Christophe Lemaitre n’est-il qu’une star française? Si on s’attarde sur sa sortie de piste après sa série du 200m, mardi, non. Le natif d’Annecy a mis 45 minutes pour s’extirper des interviews, après avoir répondu aux télévisions du monde entier. Il a même passé plus de temps face à la presse qu’un certain Yohan Blake, le seul homme capable de concurrencer Usain Bolt sur le demi-tour de piste. La réalité est pourtant beaucoup plus complexe.

Pour les grands médias du monde, il est encore à des années lumières des stars de la piste. «Chez nous, aux USA, même les grands athlètes ne sont pas connus du grand-public, alors Lemaitre… Mais les spécialistes le connaissent, surtout depuis sa médaille de bronze à Daegu», explique Timothy Layden, journaliste pour Sports Illustrated. Lui refuse d’entrer dans le débat qui entoure toujours la flèche d’Aix-les-Bains: est-il attractif parce qu’il va vite ou parce qu’il est le seul blanc à courir si vite?

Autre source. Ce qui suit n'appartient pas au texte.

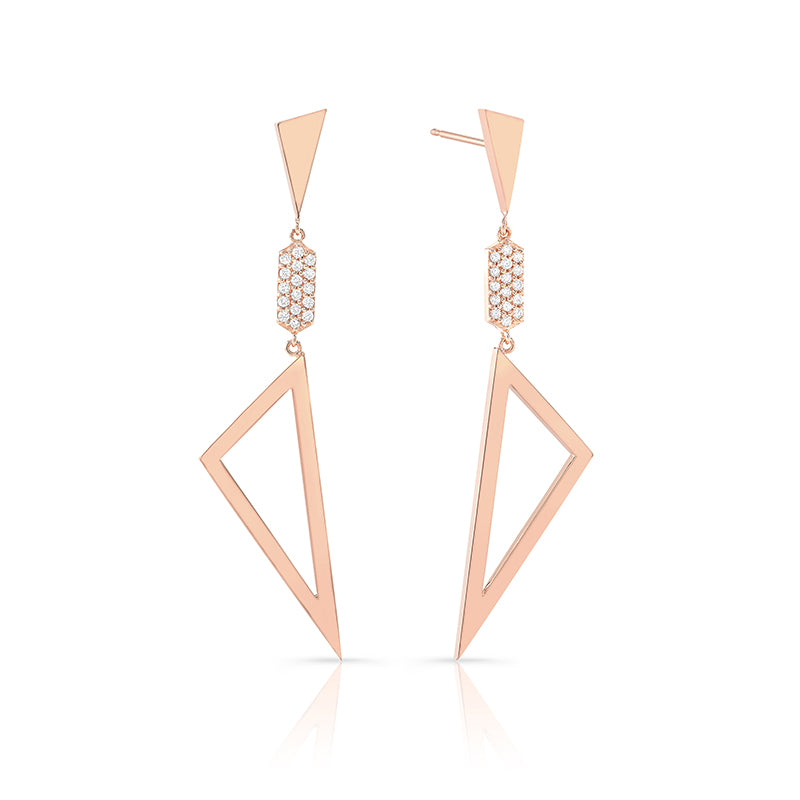 Multi Shape Earrings - Diamond Center | Rose Gold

«Je ne vois pas pourquoi on se focaliserait sur la couleur de sa peau»

En Jamaïque, on n’a moins peur d’évoquer le sujet. «Comme le sprint à un moment donné était dominé par des athlètes Caucasiens, comme Borzov et Mennea, je ne vois pas pourquoi on se focaliserait sur la couleur de sa peau», sourit Paul Reid, l’envoyé spécial du Jamaica Observer à Londres. Au pays de Bolt et Blake, Lemaitre a d’ailleurs sa petite notoriété. «Je ne dis pas que les gens l’arrêteraient dans les rues de Kingston. Mais chez nous, on connaît bien l’athlé, alors s’il vient pour un meeting par exemple, bien sûr qu’on le reconnaîtrait».

Ce journaliste jamaïcain raconte avoir 16 pages à remplir quotidiennement sur l’athlétisme. Et qu’en cas de médaille de bronze sur le 200m, il y aurait forcément un peu de place pour le Français. «ce n’est pas encore une star mondiale, mais il est attendu, assure Olivier Mignon, qui représente Asics, le sponsor de Lemaitre, en France. Pour les interviews, il est demandé surtout en Europe, mais aussi un peu au Japon». Soit le pays de son équipementier. Pour franchir un palier médiatique, il ne manque qu’une médaille olympique. «Il a 22 ans, il grandit. Mais nous, on ne fabrique pas d’athlète», sourit Mignon.